Learn a lesson from the recent storm

By Tom Phelan - ReminderNews
Feature Article - posted Wed., Aug. 31, 2011
Contributed
- Contributed Photo

Connecticut's recent unwelcome visitor – Irene – wreaked devastation on many of the state’s 169 towns and cities. Some were relatively unscathed, while citizens in others endured daily life without power for many days after the storm.

So what lessons did you learn from the most recent brush with Mother Nature? Were you ready, or do you just consider yourself lucky? Whatever your answers, just remember this: hurricane season is far from over. There will be more storms. Some may fizzle out, never amounting to more than a tropical storm. Others might bounce about the Atlantic and Caribbean, whip into a category 3 or 4 hurricane, and take direct aim on the nation's east coast.

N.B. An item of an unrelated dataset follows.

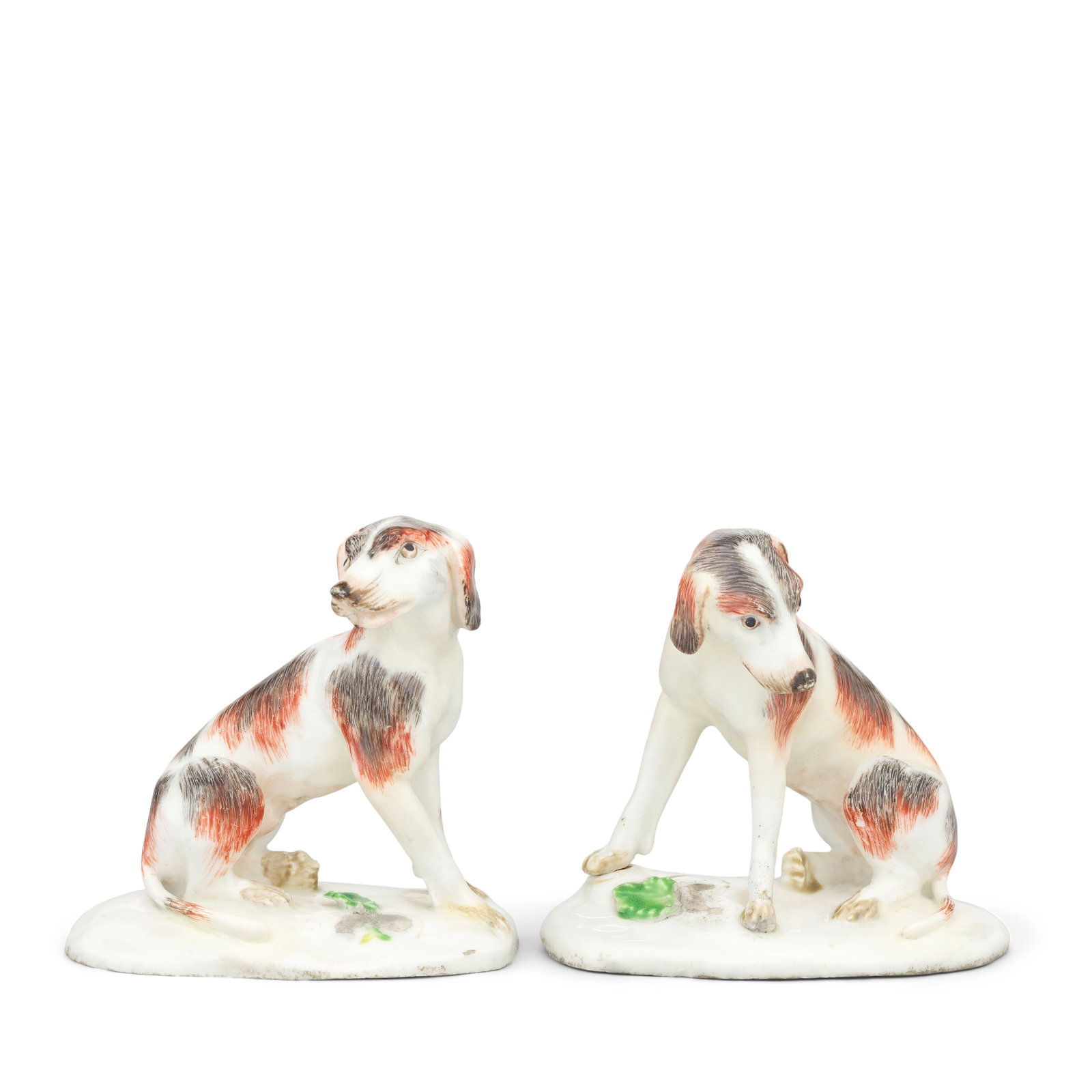 A rare pair of Bow models of 'Dismal Hounds', circa 1758-60: A rare pair of Bow models of 'Dismal Hounds', circa 1758-60 Seated on plain bases applied with leaves, the dog in lively attitude, his ears back and his mouth partially open, the bitch in a more refle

Will you roll the dice again, counting on the state's history of dodging at least the most significant meteorological events? If you are smart, you will take this opportunity to learn a few lessons before the storm passes from the news.

Loss of electrical power makes the most impact on homeowners. Two days after the storm left the state, I overheard a customer jokingly ask a store clerk if there were any generators left in the store. The clerk said the shelves were cleaned out. Then he added, “But we expect to see most of them come back this week.” It is an ethically unsound tactic, but apparently many people hurried to the store to buy a portable unit before the storm hit, planning to return it if their power did not go out. A better suggestion for you might be to rent a generator unit as a storm approaches, and use it if necessary, returning it when you get power back.

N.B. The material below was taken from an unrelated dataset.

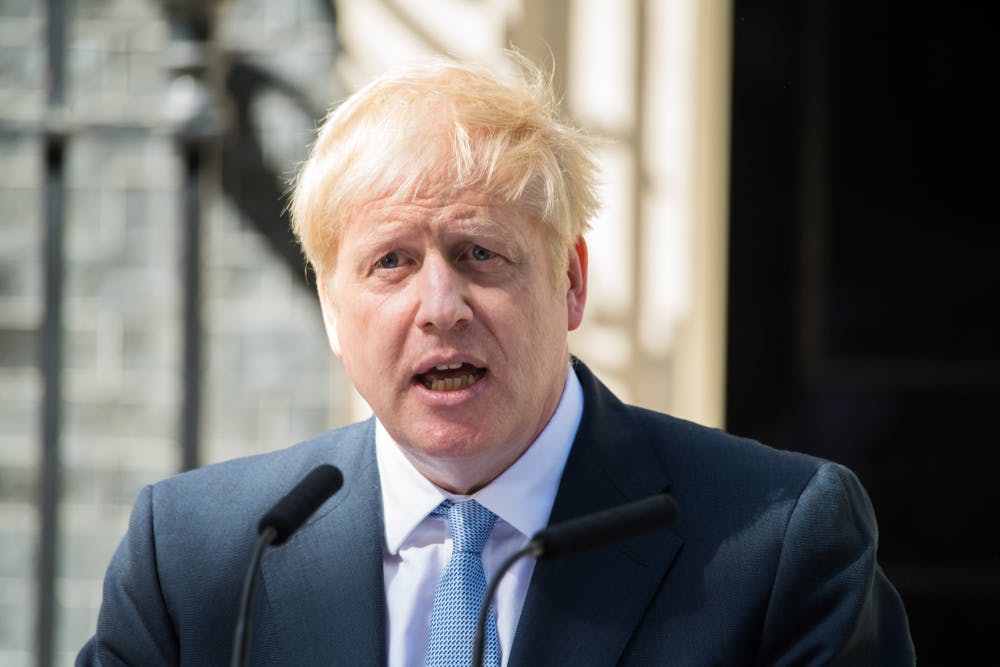 Boris Johnson stands at a microphone in front of Downing Street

Many responsible homeowners have chosen to install an in-line generator to back up their power source whenever they lose it. Others lay out the expense for a small portable unit that can keep the refrigerator and freezer going until their home is back online. The expense of a back-up solution rises with the power capacity you require of a unit. An installed solution will cost a lot more than portable equipment.

Think about this. If your home is located on the edge of the power grid's trunk, your area may experience pretty frequent outages from storms. Check with your neighbors, and get the outage history for your area.

Just before the storm arrived, I made a quick trip to the store. The first supermarket was completely out of bottled water of any kind and size. Shocked customers were buzzing about where they could find water to put on their pantry shelves. The simple answer is to buy a case or two of water, or some large bottles, and keep them in a storage area. Rotate your stock every once in a while. Just remember to buy it when you don’t need it. As the storm approaches, clean your bath tub well, and fill it with water for bathing, flushing the toilet, and washing dishes.

Dealing with the sheer volume of a storm's water and the pace with which it attacks your property can be a tremendous challenge. The first thing to think about is keeping it outside of your house. The next most important action is getting it away from your house as quickly and completely as possible. A sound roof to collect the water, and the gutters and drainpipes that can carry it away act as an effective defense system. Even if you didn’t suffer a roof failure in the recent storm, it's a good idea to inspect your roof thoroughly now, after the severe weather, to see if shingles or flashing are loose or missing.

Inspect the gutters. They might be littered with leaves ripped off in the last storm, and access to drain pipes might be blocked. Get them cleaned out, and be confident they will work well in the next test. Pay special attention to the bottom of the drainpipes. There should at least be splash blocks there to send the water away from the house. For a better solution, add extensions at the bottom elbow to divert the flow away from the house's foundation by another 6 feet or so.

Take a ride around your neighborhood, and note the size and condition of the trees that were taken down entirely or at least split apart. Assess your own trees for strength and the potential damage they may cause. It might be worth having a professional tree man on site to prune away some of the bulk and susceptible limbs. Be especially attentive to trees with long enough reach to damage your house.

Even if we don’t have another hurricane or tropical storm come our way this season, don't forget about the winter to come. Last year we lost a lot of trees and suffered a lot of damage to houses and barns, due not only to the weight of the snow, but also from high wind velocity. Whatever you do to protect your home this season will also help you withstand the hostile weather to come over the next six months.